La nordicité du Québec – Entretiens avec Louis-Edmond Hamelin

« C’est facile d’avoir une nordicité naturelle, mais moins une nordicité mentale. Est-ce que tous les administrateurs du Nord ont eu, ou ont, est-ce que tous les chercheurs du Nord ont eu, ou ont, une nordicité mentale suffisante pour comprendre le Nord ? Beaucoup de gens vont dans le Nord et reviennent, épatés par le cratère du Nouveau-Québec et la beauté de ce qu’ils ont vu. Mais dans leur âme profonde, il n’y a à peu près rien qui a changé, c’est-à-dire que leur nordicité mentale est toujours au bas de l’échelle. »

littérature québécoise

Le penseur du Nord

La nordicité du Québec – Entretiens avec Louis-Edmond Hamelin

Daniel Chartier et Jean Désy, photos de Robert Fréchette

Presses de l’Université du Québec, 142 pages

Quatre étoiles

Le terme « nordicité » a été inventé au début des années 60 par Louis-Edmond Hamelin, un des grands penseurs de la Révolution tranquille. Cinquante ans plus tard, le mot est non seulement entré dans notre vocabulaire, mais il est devenu un des symboles de leur identité pour bien des Québécois, ce qui n’empêche pas bon nombre d’entre eux de ne pas aimer l’hiver…

Immense intellectuel à l’esprit manifestement toujours vif, Louis-Edmond Hamelin résume sa pensée et son travail dans La nordicité du Québec. Ce beau livre truffé de magnifiques photos de Robert Fréchette a été réalisé à partir d’entretiens effectués par le professeur de l’UQAM Daniel Chartier et l’écrivain Jean Désy, tous trois grands connaisseurs et amoureux du Nord.

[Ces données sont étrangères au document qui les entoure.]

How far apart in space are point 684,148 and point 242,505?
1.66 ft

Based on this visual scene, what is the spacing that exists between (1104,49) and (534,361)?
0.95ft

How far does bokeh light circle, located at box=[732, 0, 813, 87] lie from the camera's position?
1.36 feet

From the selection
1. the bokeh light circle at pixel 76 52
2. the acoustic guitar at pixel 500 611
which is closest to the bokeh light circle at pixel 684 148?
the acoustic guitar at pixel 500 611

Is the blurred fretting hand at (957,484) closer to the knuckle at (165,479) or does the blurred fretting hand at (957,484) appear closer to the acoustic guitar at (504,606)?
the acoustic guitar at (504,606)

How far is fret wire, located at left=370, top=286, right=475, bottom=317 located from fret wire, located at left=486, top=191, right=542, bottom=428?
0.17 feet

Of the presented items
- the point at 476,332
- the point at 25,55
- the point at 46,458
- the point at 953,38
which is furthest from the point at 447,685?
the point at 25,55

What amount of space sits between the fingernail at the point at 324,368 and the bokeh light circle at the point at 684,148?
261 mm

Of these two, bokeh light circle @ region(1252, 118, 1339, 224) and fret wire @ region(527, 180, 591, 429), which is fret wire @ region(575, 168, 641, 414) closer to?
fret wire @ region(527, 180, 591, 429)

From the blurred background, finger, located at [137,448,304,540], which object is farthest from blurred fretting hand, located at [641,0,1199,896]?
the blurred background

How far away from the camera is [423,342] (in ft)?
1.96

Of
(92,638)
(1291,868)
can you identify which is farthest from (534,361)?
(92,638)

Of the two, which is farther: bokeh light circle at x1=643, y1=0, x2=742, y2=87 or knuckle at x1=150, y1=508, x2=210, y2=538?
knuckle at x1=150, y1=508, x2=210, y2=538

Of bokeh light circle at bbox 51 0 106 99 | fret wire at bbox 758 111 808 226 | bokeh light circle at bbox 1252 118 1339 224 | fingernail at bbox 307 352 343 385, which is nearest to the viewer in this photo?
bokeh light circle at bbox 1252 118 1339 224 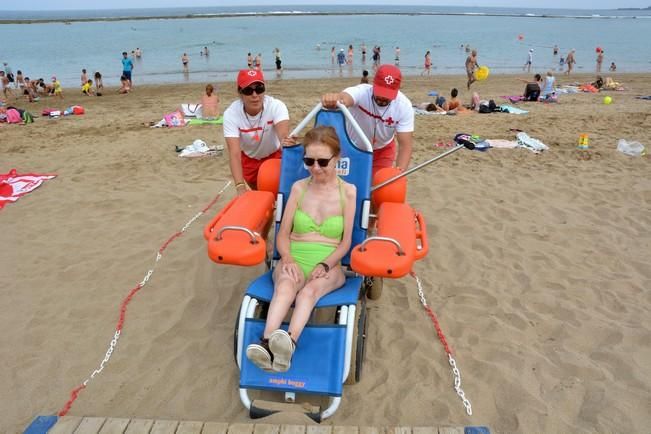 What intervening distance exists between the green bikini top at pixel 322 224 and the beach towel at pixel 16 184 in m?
4.90

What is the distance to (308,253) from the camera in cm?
315

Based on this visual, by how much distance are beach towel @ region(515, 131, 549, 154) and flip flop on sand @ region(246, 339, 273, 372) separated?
273 inches

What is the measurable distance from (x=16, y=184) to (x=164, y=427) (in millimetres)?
5839

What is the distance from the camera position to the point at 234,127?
3.94 m

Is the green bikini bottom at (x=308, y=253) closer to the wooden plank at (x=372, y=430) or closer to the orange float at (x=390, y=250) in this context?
the orange float at (x=390, y=250)

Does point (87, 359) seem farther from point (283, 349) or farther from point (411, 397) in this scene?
point (411, 397)

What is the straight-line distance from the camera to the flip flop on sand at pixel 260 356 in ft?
8.27

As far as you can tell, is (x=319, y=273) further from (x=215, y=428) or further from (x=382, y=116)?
(x=382, y=116)

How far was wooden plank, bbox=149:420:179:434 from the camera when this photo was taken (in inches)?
92.5

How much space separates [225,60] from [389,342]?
2951 centimetres

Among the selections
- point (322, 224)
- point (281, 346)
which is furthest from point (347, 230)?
point (281, 346)

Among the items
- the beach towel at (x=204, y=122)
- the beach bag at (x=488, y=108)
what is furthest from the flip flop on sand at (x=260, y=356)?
the beach bag at (x=488, y=108)

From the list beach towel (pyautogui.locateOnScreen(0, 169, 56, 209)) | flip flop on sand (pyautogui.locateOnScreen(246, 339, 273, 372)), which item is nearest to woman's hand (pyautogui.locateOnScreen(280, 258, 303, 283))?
flip flop on sand (pyautogui.locateOnScreen(246, 339, 273, 372))

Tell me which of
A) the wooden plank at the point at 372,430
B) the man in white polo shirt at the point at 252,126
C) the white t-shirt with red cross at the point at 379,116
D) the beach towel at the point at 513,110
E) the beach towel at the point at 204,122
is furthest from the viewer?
the beach towel at the point at 513,110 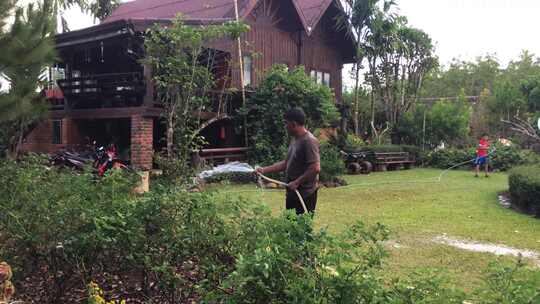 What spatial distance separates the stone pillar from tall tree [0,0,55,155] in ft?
22.3

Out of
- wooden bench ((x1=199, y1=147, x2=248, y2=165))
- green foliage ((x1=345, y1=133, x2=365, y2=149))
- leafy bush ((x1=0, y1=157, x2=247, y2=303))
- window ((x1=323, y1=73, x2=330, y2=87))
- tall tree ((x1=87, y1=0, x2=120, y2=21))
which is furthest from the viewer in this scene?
tall tree ((x1=87, y1=0, x2=120, y2=21))

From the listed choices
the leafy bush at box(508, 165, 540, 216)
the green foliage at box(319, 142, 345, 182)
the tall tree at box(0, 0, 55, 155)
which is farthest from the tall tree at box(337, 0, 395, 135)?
the tall tree at box(0, 0, 55, 155)

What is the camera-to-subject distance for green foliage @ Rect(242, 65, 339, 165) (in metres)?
15.1

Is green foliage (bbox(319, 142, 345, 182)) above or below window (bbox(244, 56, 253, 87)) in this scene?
below

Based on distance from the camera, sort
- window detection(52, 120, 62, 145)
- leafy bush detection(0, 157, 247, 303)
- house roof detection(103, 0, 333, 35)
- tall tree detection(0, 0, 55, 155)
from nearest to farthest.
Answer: leafy bush detection(0, 157, 247, 303)
tall tree detection(0, 0, 55, 155)
window detection(52, 120, 62, 145)
house roof detection(103, 0, 333, 35)

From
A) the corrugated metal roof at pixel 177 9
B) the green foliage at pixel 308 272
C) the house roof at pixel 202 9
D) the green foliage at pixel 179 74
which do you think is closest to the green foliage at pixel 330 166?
the green foliage at pixel 179 74

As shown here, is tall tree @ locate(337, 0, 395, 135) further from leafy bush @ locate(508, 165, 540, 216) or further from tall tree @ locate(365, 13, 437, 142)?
leafy bush @ locate(508, 165, 540, 216)

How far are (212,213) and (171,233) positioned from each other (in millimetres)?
308

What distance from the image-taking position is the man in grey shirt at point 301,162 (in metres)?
4.73

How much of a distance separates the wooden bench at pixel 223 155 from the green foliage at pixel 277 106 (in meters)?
0.31

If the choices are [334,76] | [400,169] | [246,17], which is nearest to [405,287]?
[246,17]

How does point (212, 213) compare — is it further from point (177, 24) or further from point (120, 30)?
point (120, 30)

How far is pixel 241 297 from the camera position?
2441mm

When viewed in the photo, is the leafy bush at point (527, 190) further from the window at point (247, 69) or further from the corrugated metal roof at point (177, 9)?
the corrugated metal roof at point (177, 9) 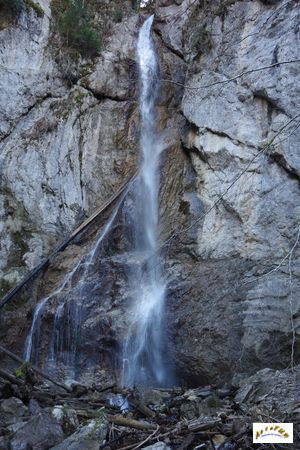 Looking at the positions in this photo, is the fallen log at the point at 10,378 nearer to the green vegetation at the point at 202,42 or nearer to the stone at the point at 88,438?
the stone at the point at 88,438

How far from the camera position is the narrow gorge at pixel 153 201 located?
27.2 ft

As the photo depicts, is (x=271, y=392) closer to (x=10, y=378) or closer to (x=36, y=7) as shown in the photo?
(x=10, y=378)

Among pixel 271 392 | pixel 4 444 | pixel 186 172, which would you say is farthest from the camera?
pixel 186 172

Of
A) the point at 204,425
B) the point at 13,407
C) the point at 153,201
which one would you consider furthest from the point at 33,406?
the point at 153,201

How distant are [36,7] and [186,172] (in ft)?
22.5

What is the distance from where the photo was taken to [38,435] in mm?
4617

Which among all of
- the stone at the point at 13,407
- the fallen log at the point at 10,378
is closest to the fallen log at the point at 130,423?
the stone at the point at 13,407

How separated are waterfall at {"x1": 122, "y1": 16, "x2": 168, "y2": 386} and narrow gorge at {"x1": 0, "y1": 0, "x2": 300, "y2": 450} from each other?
0.12 ft

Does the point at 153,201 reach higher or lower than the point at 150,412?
higher

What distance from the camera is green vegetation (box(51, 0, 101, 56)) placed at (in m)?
13.7

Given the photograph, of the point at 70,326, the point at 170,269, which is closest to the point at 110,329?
the point at 70,326

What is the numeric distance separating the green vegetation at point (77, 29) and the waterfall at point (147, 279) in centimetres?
211

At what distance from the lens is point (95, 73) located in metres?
13.7

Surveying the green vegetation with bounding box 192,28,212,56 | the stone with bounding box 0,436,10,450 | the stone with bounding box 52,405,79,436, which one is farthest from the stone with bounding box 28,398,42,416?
the green vegetation with bounding box 192,28,212,56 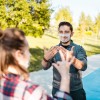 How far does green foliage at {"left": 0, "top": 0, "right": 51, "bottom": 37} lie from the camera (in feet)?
45.5

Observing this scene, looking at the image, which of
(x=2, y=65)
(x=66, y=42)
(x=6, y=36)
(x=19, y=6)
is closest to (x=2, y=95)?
(x=2, y=65)

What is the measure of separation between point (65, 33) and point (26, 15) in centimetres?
1042

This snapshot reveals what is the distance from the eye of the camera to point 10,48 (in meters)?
1.62

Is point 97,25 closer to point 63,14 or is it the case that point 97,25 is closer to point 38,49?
point 63,14

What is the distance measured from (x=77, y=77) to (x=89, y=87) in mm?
4612

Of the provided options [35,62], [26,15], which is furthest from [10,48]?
[26,15]

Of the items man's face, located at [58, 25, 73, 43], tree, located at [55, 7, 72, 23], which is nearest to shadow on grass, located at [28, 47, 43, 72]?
man's face, located at [58, 25, 73, 43]

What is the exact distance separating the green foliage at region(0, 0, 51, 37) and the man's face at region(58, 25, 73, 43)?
32.7ft

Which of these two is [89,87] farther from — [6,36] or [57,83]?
[6,36]

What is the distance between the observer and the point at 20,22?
1425 cm

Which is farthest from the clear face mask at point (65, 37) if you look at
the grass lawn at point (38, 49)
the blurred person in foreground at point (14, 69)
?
the blurred person in foreground at point (14, 69)

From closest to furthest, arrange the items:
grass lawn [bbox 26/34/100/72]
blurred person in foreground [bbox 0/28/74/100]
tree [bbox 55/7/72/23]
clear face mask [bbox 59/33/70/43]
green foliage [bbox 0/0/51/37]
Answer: blurred person in foreground [bbox 0/28/74/100] → clear face mask [bbox 59/33/70/43] → grass lawn [bbox 26/34/100/72] → green foliage [bbox 0/0/51/37] → tree [bbox 55/7/72/23]

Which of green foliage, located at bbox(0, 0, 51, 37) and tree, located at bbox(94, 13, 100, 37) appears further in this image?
tree, located at bbox(94, 13, 100, 37)

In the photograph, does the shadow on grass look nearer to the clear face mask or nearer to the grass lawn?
the grass lawn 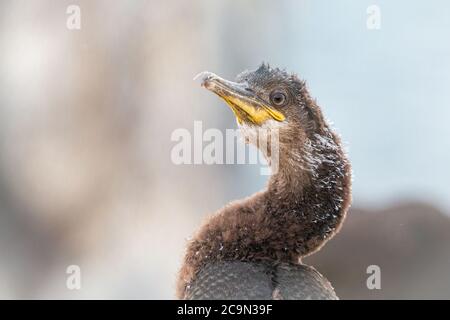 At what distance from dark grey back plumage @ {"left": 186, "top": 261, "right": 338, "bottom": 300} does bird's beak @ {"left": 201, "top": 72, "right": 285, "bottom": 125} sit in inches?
14.5

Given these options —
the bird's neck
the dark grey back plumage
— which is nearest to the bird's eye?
the bird's neck

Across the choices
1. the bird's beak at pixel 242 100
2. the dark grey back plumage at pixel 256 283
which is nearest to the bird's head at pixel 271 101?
the bird's beak at pixel 242 100

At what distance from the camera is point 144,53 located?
428cm

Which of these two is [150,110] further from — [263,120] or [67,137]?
[263,120]

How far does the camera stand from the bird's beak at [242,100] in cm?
159

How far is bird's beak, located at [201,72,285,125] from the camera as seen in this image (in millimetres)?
1594

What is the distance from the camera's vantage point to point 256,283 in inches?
55.5

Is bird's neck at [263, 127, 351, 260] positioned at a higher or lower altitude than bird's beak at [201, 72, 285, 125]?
lower

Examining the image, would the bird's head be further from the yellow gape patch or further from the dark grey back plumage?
the dark grey back plumage

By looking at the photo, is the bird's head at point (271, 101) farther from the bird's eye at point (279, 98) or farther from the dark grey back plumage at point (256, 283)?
the dark grey back plumage at point (256, 283)

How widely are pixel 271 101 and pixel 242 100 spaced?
0.07 meters

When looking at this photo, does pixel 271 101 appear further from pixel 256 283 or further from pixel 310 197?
pixel 256 283

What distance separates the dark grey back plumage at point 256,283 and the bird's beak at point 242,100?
14.5 inches

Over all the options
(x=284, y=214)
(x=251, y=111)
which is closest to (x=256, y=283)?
(x=284, y=214) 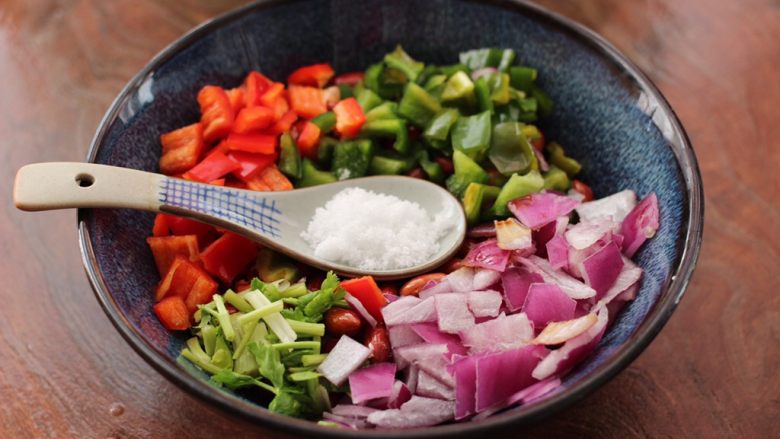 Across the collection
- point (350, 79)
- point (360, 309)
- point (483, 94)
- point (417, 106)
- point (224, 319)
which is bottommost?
point (224, 319)

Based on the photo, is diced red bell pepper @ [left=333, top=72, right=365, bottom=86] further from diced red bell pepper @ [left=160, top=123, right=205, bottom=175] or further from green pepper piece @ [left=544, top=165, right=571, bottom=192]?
green pepper piece @ [left=544, top=165, right=571, bottom=192]

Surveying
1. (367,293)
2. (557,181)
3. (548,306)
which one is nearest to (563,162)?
(557,181)

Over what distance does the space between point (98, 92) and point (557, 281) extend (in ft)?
4.83

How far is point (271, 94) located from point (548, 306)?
36.6 inches

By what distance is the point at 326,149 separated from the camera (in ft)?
6.54

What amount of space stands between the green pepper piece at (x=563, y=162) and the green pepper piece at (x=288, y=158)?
2.23ft

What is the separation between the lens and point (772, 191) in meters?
2.04

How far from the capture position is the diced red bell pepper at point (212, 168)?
6.00 ft

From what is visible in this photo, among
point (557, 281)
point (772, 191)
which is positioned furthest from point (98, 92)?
point (772, 191)

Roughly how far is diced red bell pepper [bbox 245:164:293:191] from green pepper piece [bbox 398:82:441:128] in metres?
0.36

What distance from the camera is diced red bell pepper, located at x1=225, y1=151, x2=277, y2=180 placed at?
187cm

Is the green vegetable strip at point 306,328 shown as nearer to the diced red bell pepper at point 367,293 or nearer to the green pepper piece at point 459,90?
the diced red bell pepper at point 367,293

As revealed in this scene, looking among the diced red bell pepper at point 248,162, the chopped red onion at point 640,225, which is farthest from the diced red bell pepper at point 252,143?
the chopped red onion at point 640,225

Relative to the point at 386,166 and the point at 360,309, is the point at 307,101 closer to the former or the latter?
the point at 386,166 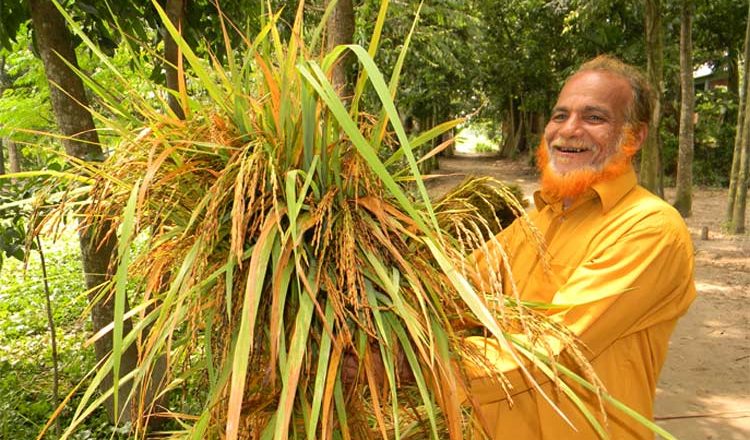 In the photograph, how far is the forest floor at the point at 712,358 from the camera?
393 cm

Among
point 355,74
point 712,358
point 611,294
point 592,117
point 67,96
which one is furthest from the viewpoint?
point 355,74

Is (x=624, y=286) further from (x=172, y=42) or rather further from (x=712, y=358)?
(x=712, y=358)

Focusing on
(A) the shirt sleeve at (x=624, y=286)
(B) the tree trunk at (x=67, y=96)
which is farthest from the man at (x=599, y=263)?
(B) the tree trunk at (x=67, y=96)

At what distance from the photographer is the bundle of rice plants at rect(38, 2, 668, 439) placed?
3.01 ft

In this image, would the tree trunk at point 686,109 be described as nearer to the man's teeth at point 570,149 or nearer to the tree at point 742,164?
the tree at point 742,164

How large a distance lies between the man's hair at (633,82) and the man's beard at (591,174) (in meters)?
0.07

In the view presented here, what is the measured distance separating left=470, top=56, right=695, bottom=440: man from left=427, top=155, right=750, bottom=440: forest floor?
0.40 m

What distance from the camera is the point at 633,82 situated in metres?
1.85

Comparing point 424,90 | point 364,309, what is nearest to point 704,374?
point 364,309

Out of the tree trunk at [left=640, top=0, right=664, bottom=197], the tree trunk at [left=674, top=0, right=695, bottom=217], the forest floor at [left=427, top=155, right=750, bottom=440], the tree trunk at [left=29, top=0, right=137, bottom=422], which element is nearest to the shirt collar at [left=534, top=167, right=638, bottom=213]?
the forest floor at [left=427, top=155, right=750, bottom=440]

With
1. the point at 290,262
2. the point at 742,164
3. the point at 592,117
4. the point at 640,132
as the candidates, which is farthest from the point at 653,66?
the point at 290,262

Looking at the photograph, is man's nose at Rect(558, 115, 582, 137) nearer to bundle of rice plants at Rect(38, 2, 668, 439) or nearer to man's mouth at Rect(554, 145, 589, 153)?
man's mouth at Rect(554, 145, 589, 153)

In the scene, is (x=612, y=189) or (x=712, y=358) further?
(x=712, y=358)

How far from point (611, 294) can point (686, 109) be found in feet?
32.6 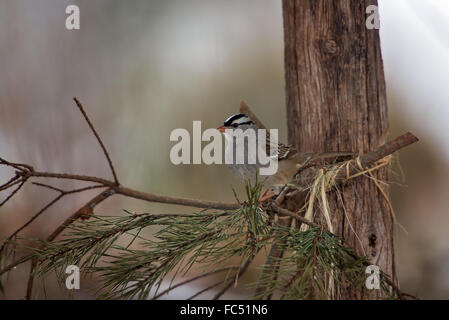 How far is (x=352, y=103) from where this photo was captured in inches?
43.8

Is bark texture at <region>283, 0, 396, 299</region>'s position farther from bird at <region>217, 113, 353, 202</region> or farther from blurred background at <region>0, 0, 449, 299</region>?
blurred background at <region>0, 0, 449, 299</region>

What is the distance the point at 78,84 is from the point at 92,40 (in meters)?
0.21

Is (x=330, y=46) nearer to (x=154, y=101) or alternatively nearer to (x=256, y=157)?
(x=256, y=157)

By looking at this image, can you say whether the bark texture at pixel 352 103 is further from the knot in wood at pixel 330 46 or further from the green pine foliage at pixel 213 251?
the green pine foliage at pixel 213 251

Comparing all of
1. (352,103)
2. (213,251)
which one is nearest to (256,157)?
(352,103)

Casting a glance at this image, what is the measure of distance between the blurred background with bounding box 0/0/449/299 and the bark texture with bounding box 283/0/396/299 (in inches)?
23.9

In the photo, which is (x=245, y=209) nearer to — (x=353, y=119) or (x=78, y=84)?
(x=353, y=119)

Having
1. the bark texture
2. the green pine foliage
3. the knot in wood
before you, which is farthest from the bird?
the green pine foliage

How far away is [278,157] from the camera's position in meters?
1.35

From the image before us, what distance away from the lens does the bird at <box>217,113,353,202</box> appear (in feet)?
4.17

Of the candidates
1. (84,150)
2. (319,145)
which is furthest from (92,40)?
(319,145)

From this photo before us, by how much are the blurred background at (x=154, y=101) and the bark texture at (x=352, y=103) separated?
1.99 feet

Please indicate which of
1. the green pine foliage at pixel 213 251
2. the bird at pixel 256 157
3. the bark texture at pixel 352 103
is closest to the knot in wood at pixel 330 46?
the bark texture at pixel 352 103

Au cours de ces conversations, Louis-Edmond Hamelin a raconté comment, dès les années 50, il a tenté de comprendre et définir le « Québec global », de la vallée du Saint-Laurent à la baie d’Ungava, comment il a réussi à faire implanter un centre d’études nordiques avec la collaboration de René Lévesque, comment il a jonglé avec les concepts avant d’accoucher du mot nordicité, qui a fini par faire son entrée dans le dictionnaire…

L’HISTOIRE À TRAVERS LES MOTS

Un véritable feuilleton pour qui s’intéresse à cette partie souvent méconnue de l’histoire du Québec, mais aussi à l’étymologie. Car ce livre érudit mais accessible analyse 50 ans d’histoire à travers les mots. L’hiver (la nordicité saisonnière) et sa lumière ; le rapport conflictuel qu’entretiennent les Québécois avec cette saison (nordicité naturelle contre nordicité mentale) ; l’américanité difficilement revendiquée : autant de termes décortiqués et expliqués, qui permettent de comprendre un peu mieux ce que nous sommes, nos contradictions, notre évolution.

Parler du Nord, c’est aussi parler de l’autochtonie, que Louis-Edmond Hamelin définit aussi en quelques termes : nuna, inukshuk ou holisme, par exemple, qui signifie ensemble. L’homme a toujours prêché pour la coexistence plutôt que la dominance, et pour la « plénitude physique et politique » entre les deux parties du territoire, la méridionale et la septentrionale. Un modèle « exigeant », admet-il, dont le principal filon reste… la nordicité. Comme quoi le penseur a encore beaucoup à nous apprendre pour la suite des choses. Il faudrait seulement qu’on l’écoute.